2. Data structures are fragmented
Developers looking for realtime updates have to spend a lot of time familiarizing themselves with each provider’s chosen protocol, be that HTTP or something like STOMP, working out its implementation, and how to convert this data into a unified format suited to a particular app or service. More widely though, and again using transport as an example, there is also a fundamental lack of standardization in the way transport providers structure their data. Some companies provide extended information – carriage formation, up-to-the-minute ETAs, and seat availability, others scrape by with the bare minimum of time and transport mode ID. A lack of standards across sectors mean developers wanting to expand the reach of their app (ie all developers) eventually come up against a host of additional problems to solve. With each new data structure developers need to work out which data corresponds to what, how to correlate similar data, in addition to allow for varying degrees of accuracy.

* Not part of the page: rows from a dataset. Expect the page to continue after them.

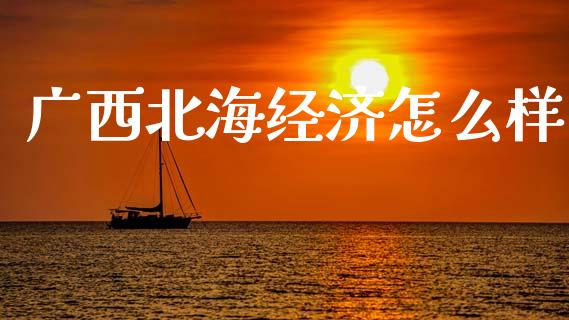 广西北海经济怎么样_https://m.lcpcjs.com_期货交易时间_第1张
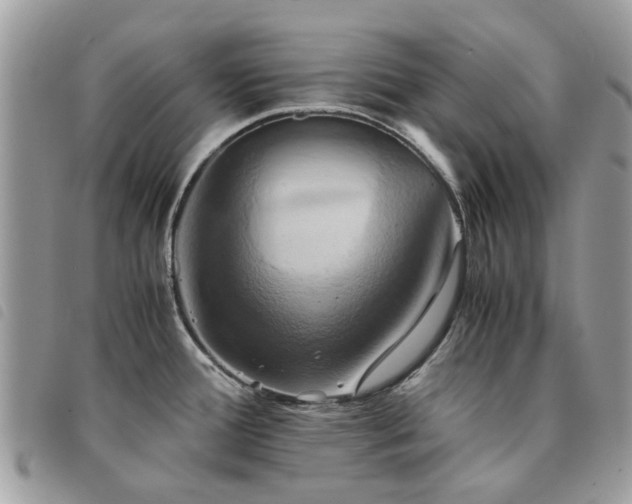 X0000091541388200708171234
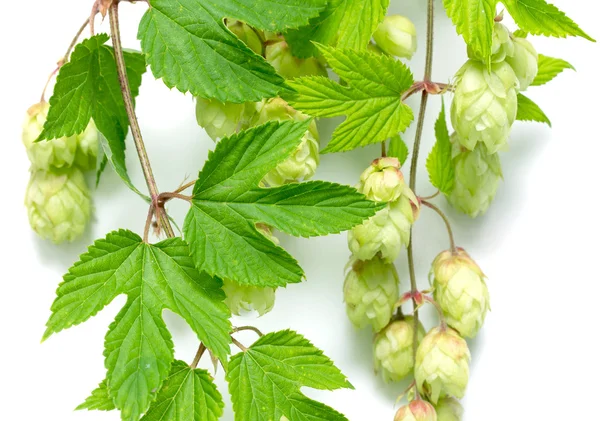 Branch of hops — Stock Photo, Image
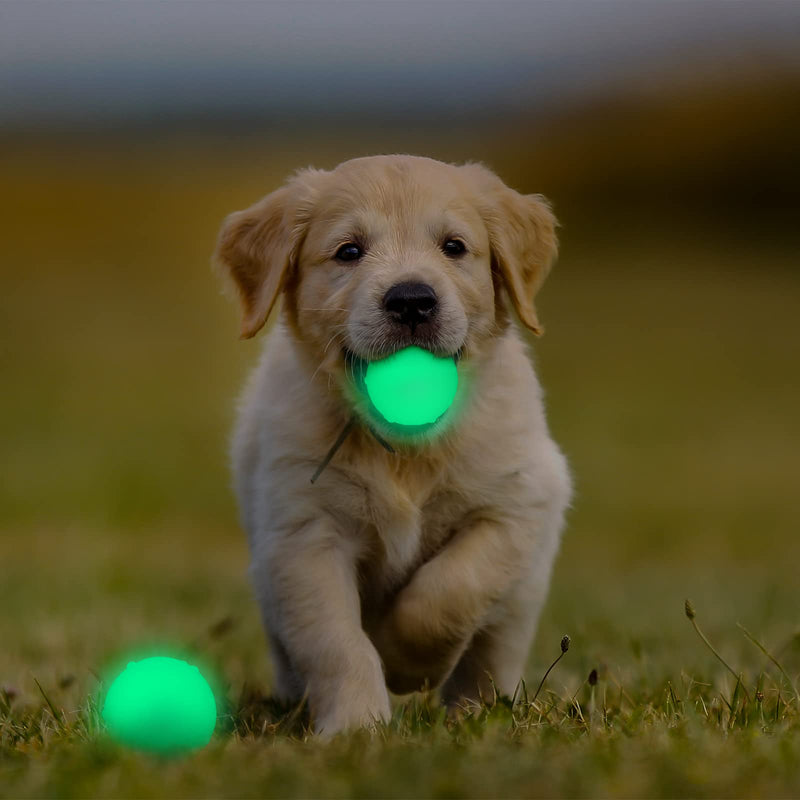 4 Pieces Light Dog Ball Glow in The Dark Rubber Dog Fetch Toy Balls for Large and Small Dogs, with 21 LED UV Flashlight for Nice Glowing Effect in Night - PawsPlanet Australia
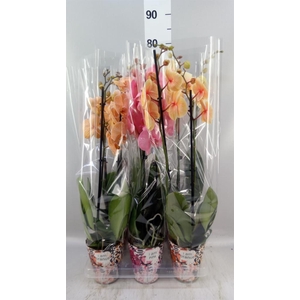 Phalaenopsis   ...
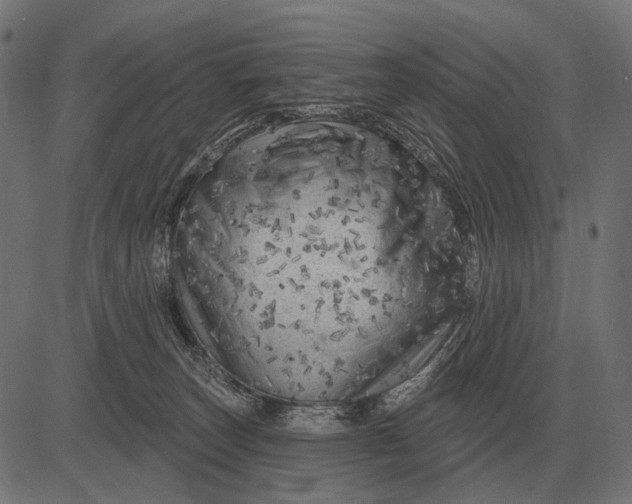 X0000082730179200702091847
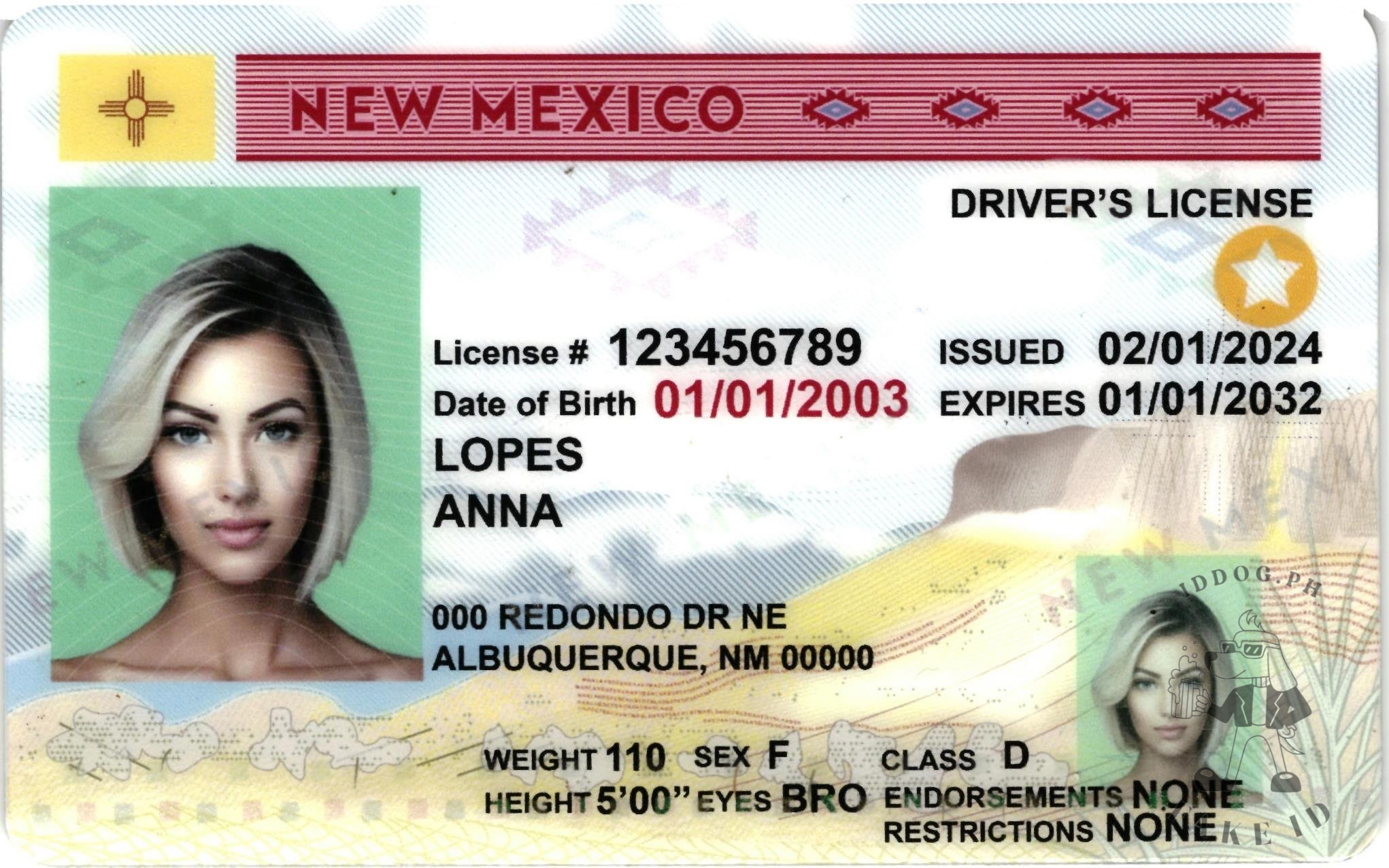 New Mexico Fake ID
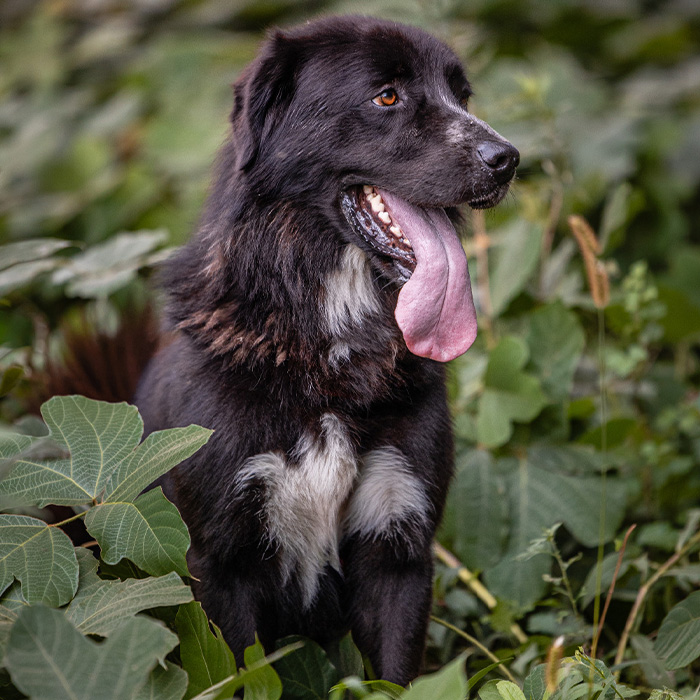 foto-cane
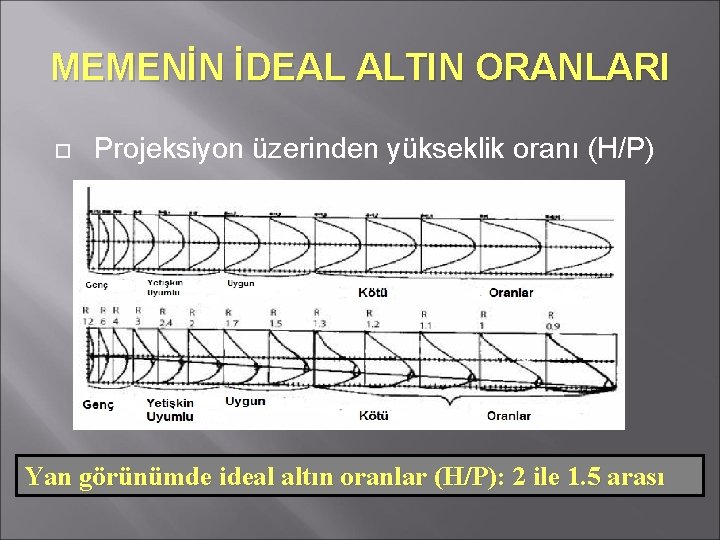 MEMENİN İDEAL ALTIN ORANLARI Projeksiyon üzerinden yükseklik oranı (H/P) Yan görünümde ideal altın oranlar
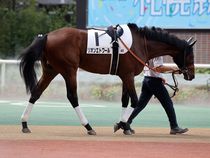 ����å��ǳ��������ɽ�����ޤ�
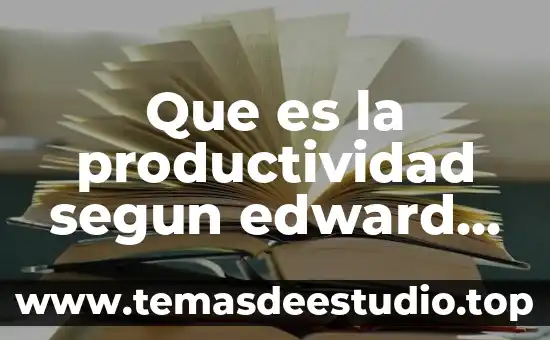 Que es la productividad segun edward de bono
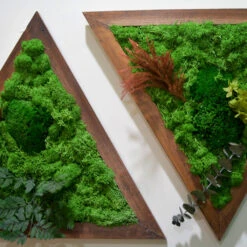 Like A Diamond Preserved Moss Frame With Dark Wood 7 Like A Diamond Preserved Moss Frame With Dark Wood -Plant Life Decor Shop like a diamond 3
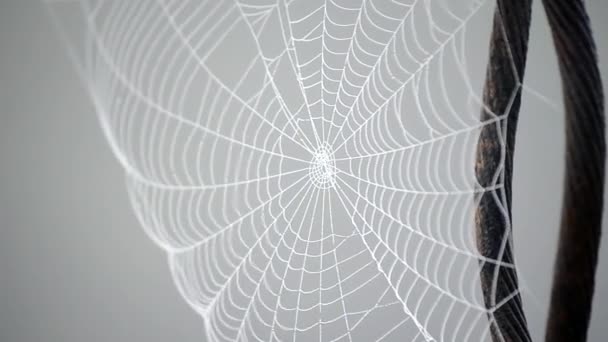 Spiderweb bedekt ochtend dauw op zomerochtend close-up — Stockvideo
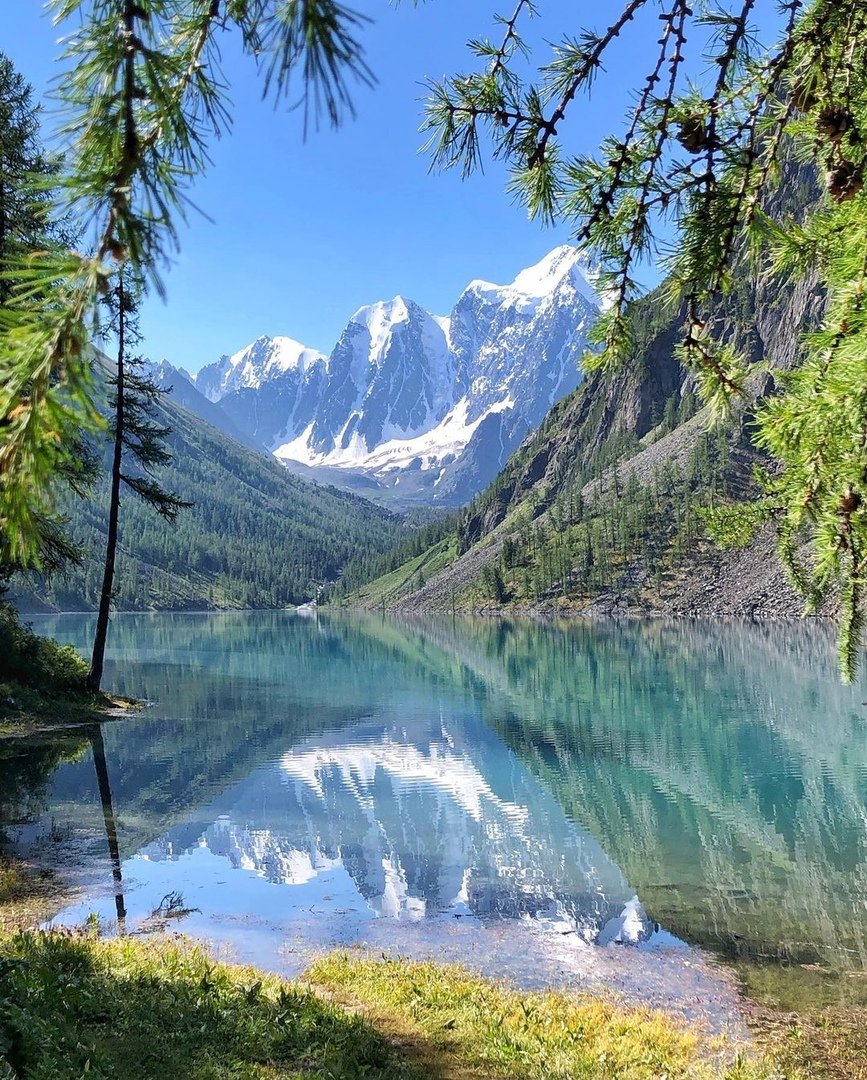 Цветение маральника горный Алтай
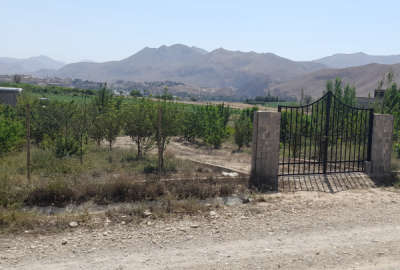 فروش ۱۰۰۰ متر زمین در فیروزکوه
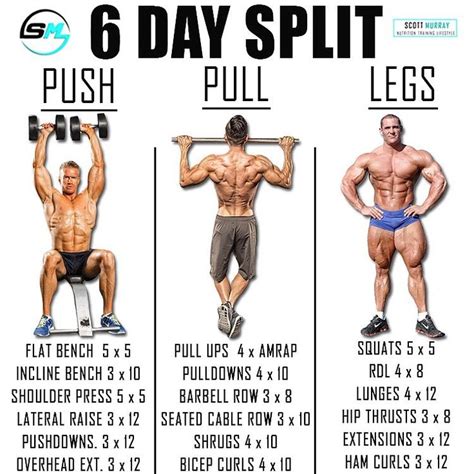 5 day push pull legs workout routine pdf - Broad-Based Log-Book Image Bank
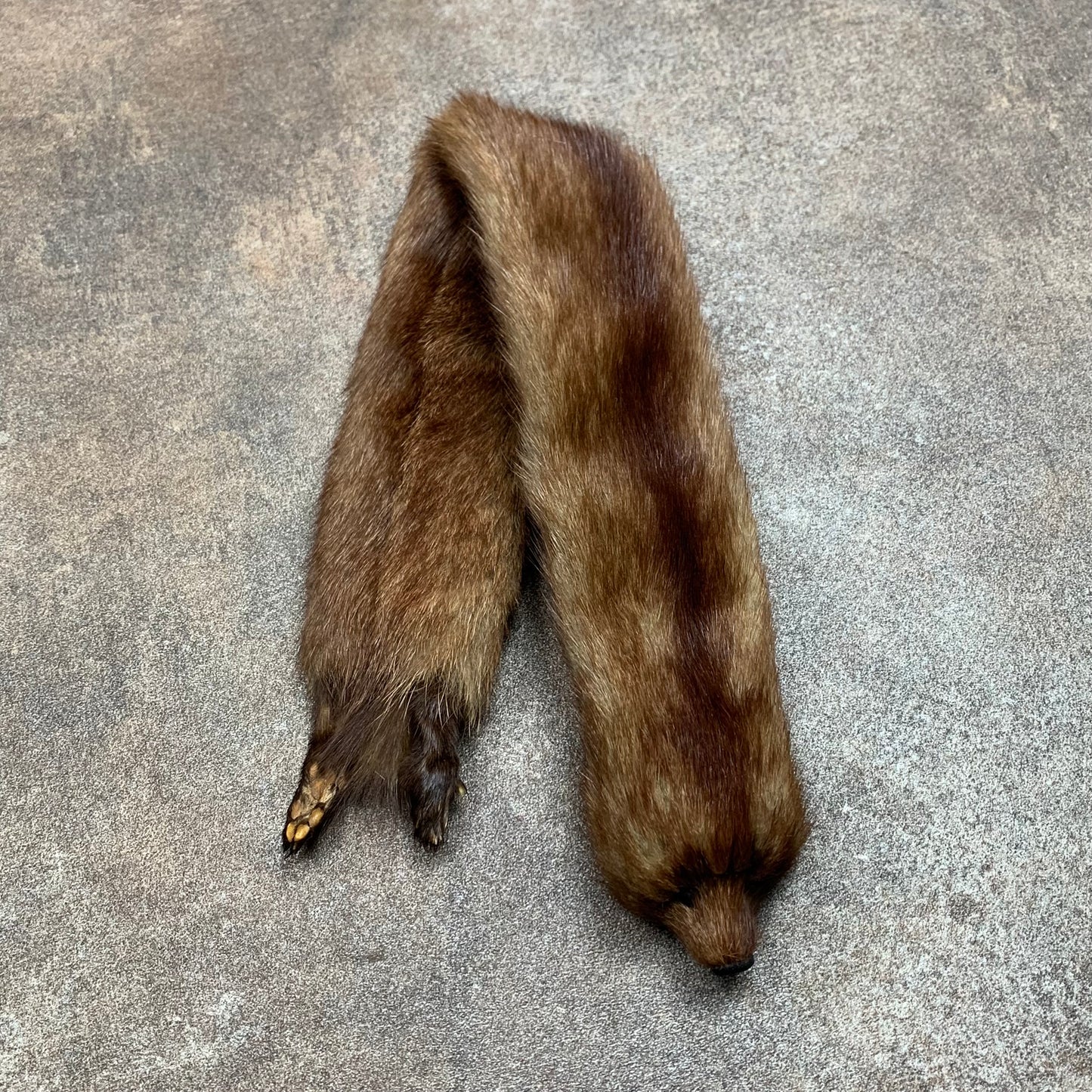 Taxidermy brown mink scarf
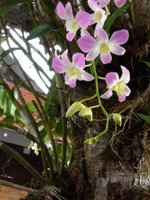 orchid @ Sentosa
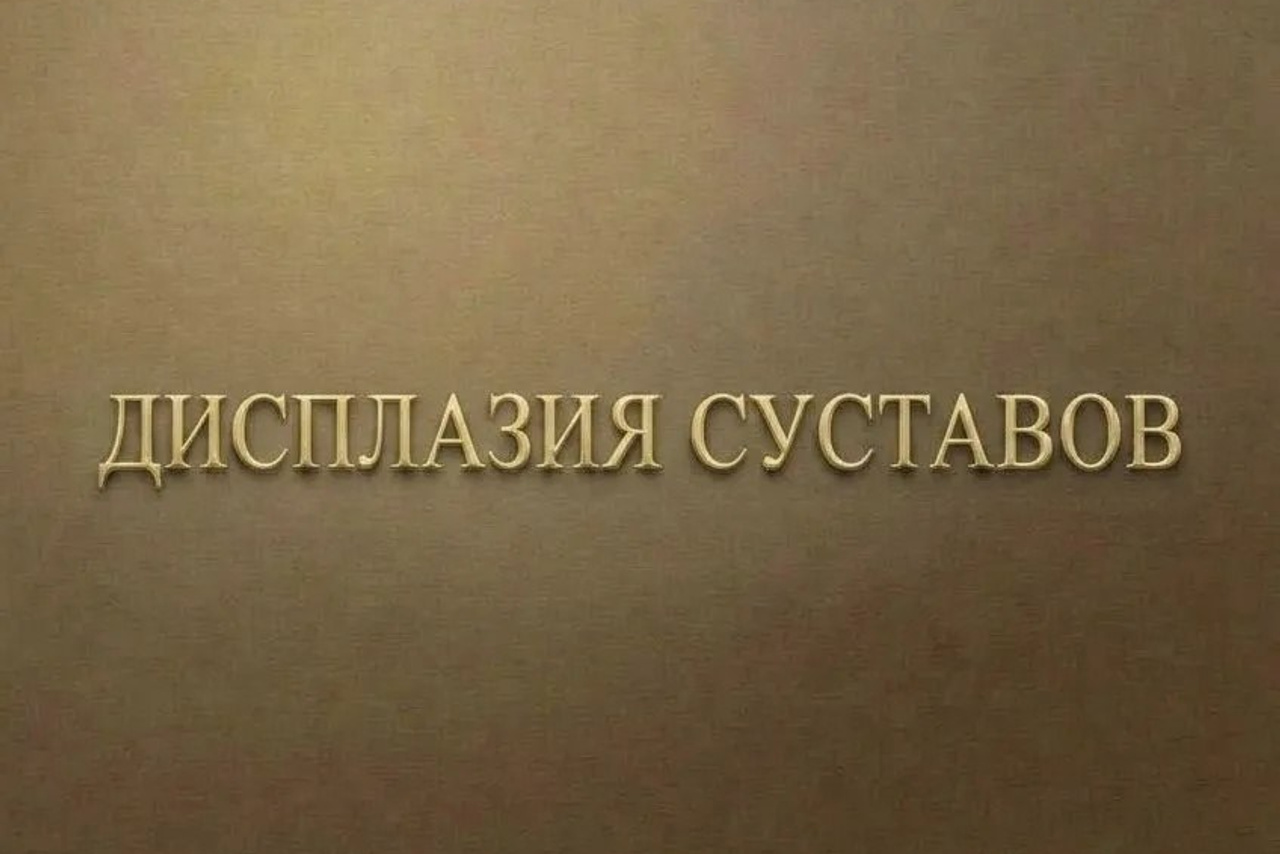 Полезная информация о собаках. ПИТОМНИК СОБАК ПОРОДЫ АМЕРИКАНСКИЙ БУЛЛИ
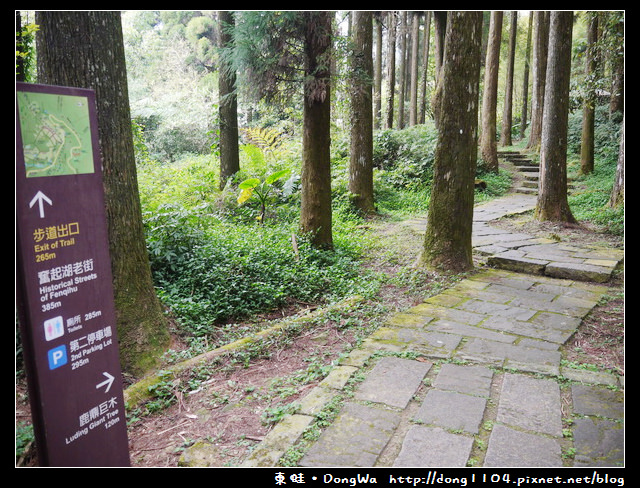 【嘉義遊記】奮起湖。奮起步道。神社遺址。鹿鼎巨木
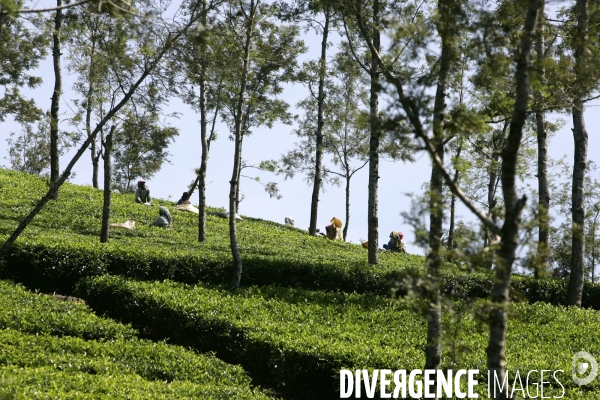 Agriculture dans le sud de l inde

A good illustration of lack of cohesion is the variety of options for what has caused a disruption. GTFS Realtime includes twelve possible reasons for delays. NationalRail on Darwin however, has a whopping 496 options (I kid you not). If open data is to have a meaningful impact on different sectors, we recommend industry-wide agreements on what data to provide. For developers, in the meantime, it’s a matter of knowing how to sift through the sources.
3. Some data sets are more open than others
Most pull-based systems I’ve encountered don’t seem to be designed to handle large numbers of requests, which inherently reduce the value in the data as it becomes less accessible. Many transport data providers impose heavy rate limits and restrictions on data usage. For example, UK train operator NetworkRail has a limit of 500 people using their queues at any one time. TFL’s RESTful API is limited to 500 requests a minute. I think that public data providers need to impose generous limits. For developers, so as not to get caught out when your app scales, it’s a wise precaution to bear in mind that you will likely need higher loads than you are anticipating. Here and elsewhere, before you dive into building an app, it’s best to read the smallprint around your chosen data source, gauging how it fits in both with other data sources, and your use case.